Directions for this task - Please, without any pictures, transcribe the lines from the one holding "a living room with furniture and windows" to the end of the listing, both ends included.

Given records -
·····

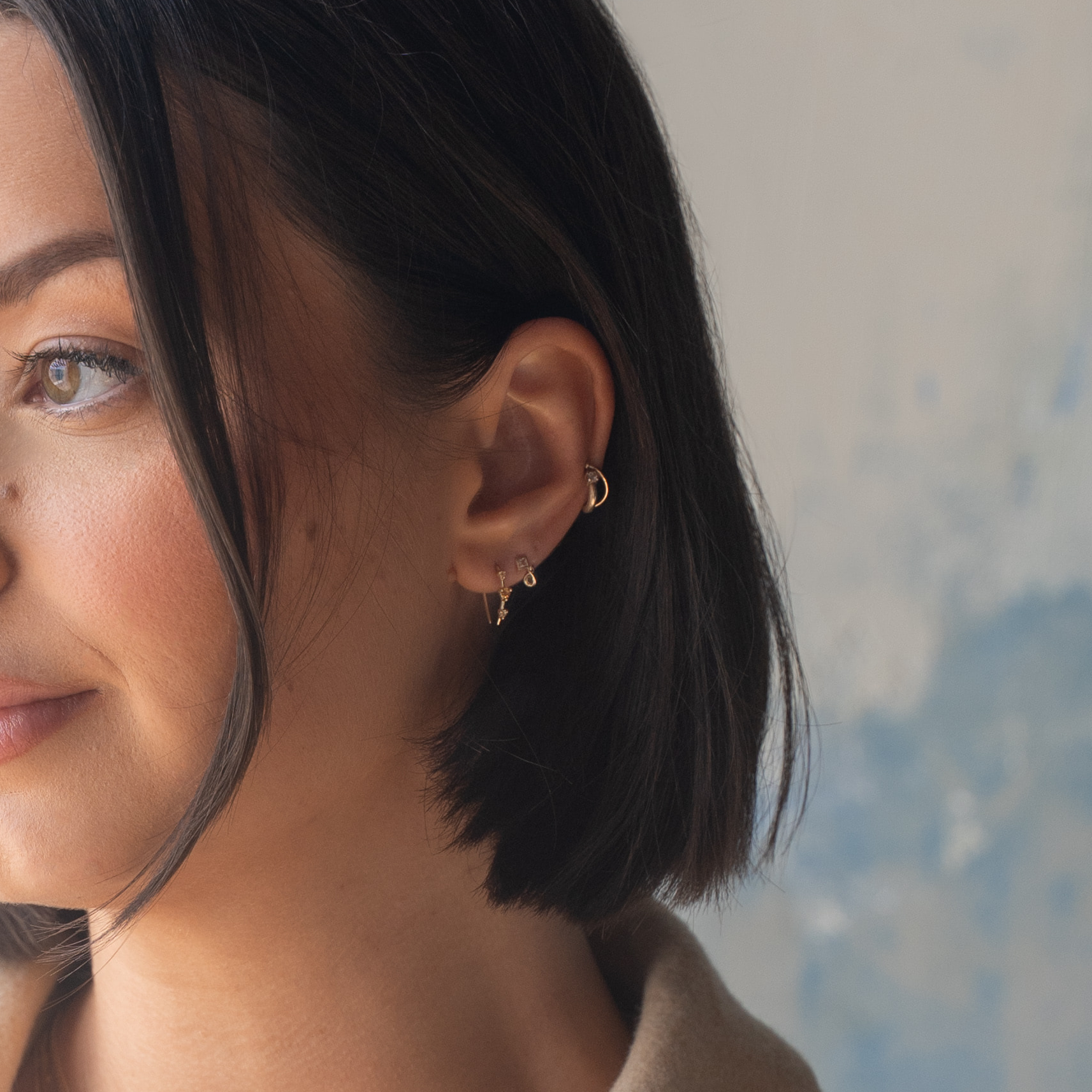 A woman with straight dark hair and gold hoop earrings faces left in close-up, showing clear skin, natural makeup, and Solid Gold Radiant White Topaz Drop Studs in her ear stack. The background is softly blurred in neutral tones.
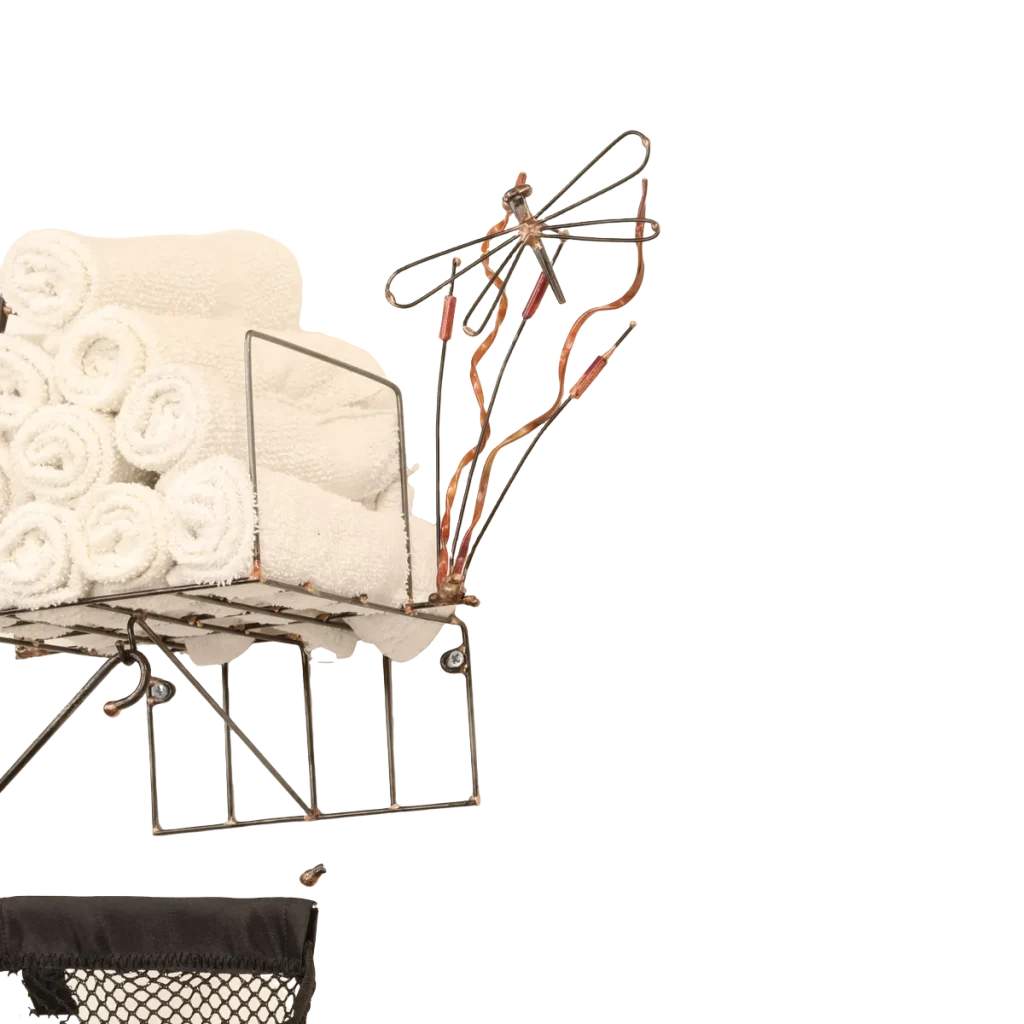 Wall-mounted bathroom storage unit metal sculpture with rolled white towels in a steel wire basket, a black polyester mesh removable laundry bag for soiled hand towels hanging below from a steel hanger and incorporating a dock side theme with a decorative steel dragonfly, copper and brass reed accents and steel birds in flight from a brass dock pier.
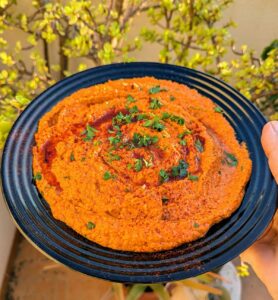 A middle eastern red pepper dip, muhammara sprinkled with parsley and sweet paprika. A plant is burred in the background.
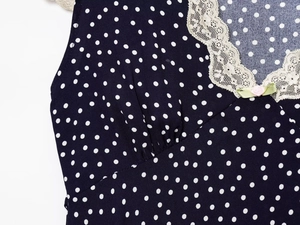 Detail of V-neckline with delicate lace trim and pink rose on navy polka dot dress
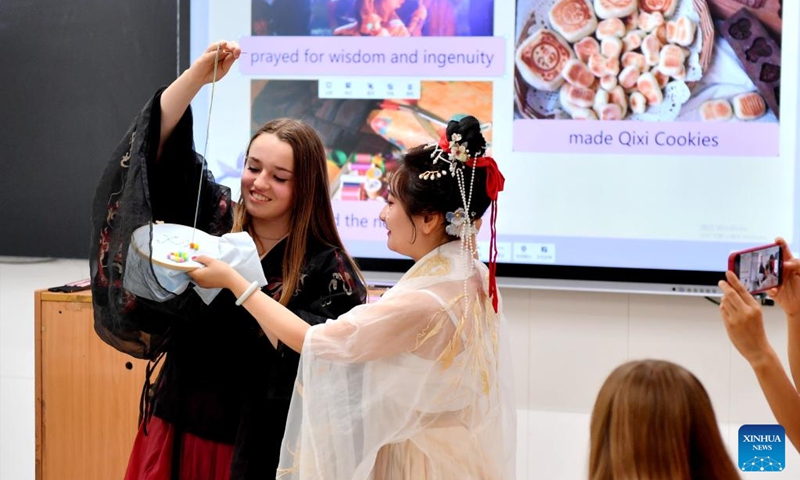 An American student experiences Qixi traditions during a cultural event at Shijiazhuang Foreign Language School in Shijiazhuang, north China's Hebei Province, Aug. 10, 2024. A delegation of middle school students and teachers from US state Iowa took part in a cultural event here on the occasion of the Qixi Festival, also known as Chinese Valentine's Day. Photo: Xinhua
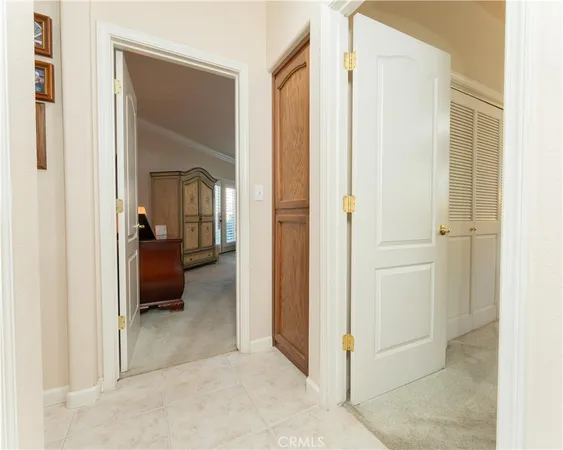 a living room with furniture and windows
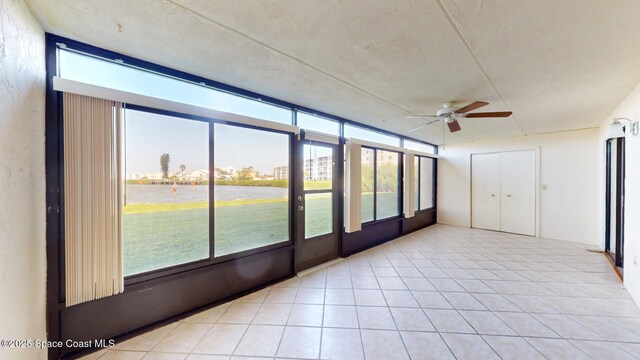 unfurnished sunroom with a ceiling fan, a water view, and plenty of natural light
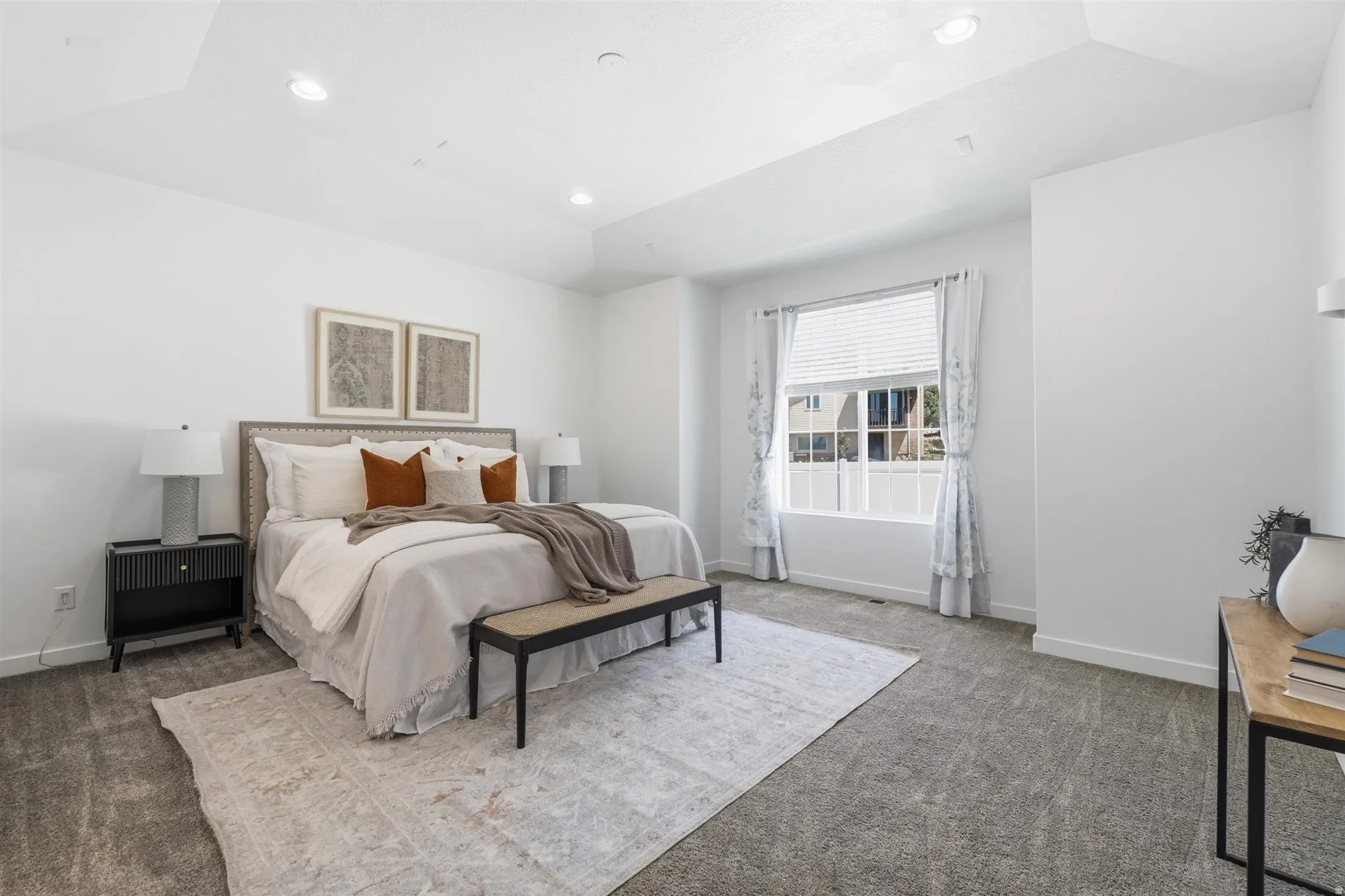 Spacious bedroom featuring light-toned carpet flooring, a large window with white blinds, recessed lighting, and a tray ceiling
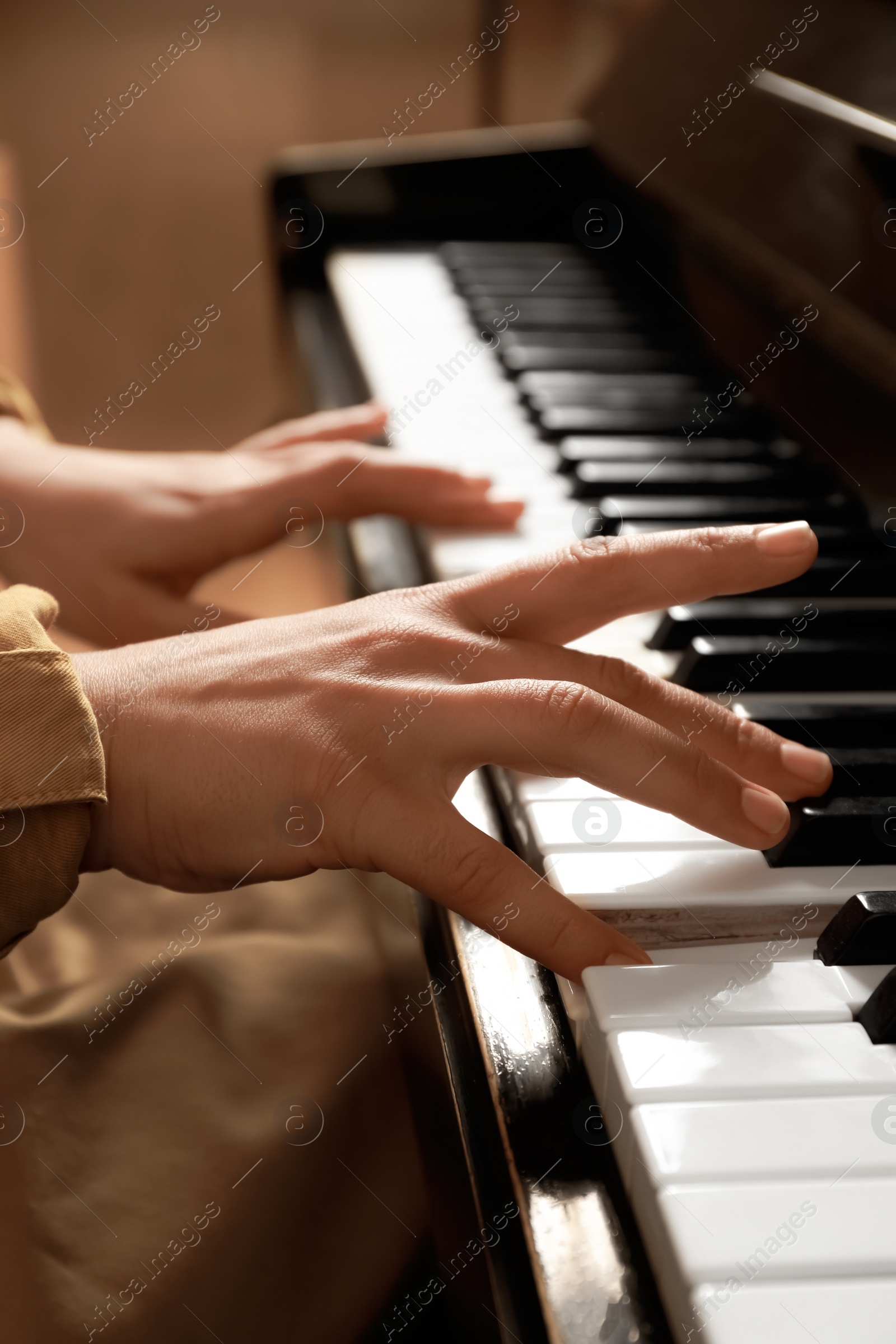 Photo of Young woman playing piano, closeup. Music lesson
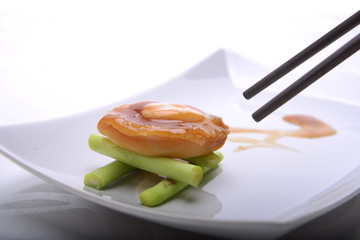 Fine dining of Abalone in a restaurant where presentation is important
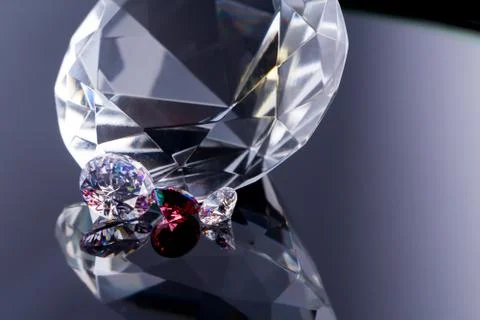 Huge diamond and several chic crystals on a gradient mirror surface, shimmer  Stock Photos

·····

Task answer -
 a living room with furniture and windows
 unfurnished sunroom with a ceiling fan, a water view, and plenty of natural light
 Spacious bedroom featuring light-toned carpet flooring, a large window with white blinds, recessed lighting, and a tray ceiling
 Photo of Young woman playing piano, closeup. Music lesson
 Fine dining of Abalone in a restaurant where presentation is important
 Huge diamond and several chic crystals on a gradient mirror surface, shimmer  Stock Photos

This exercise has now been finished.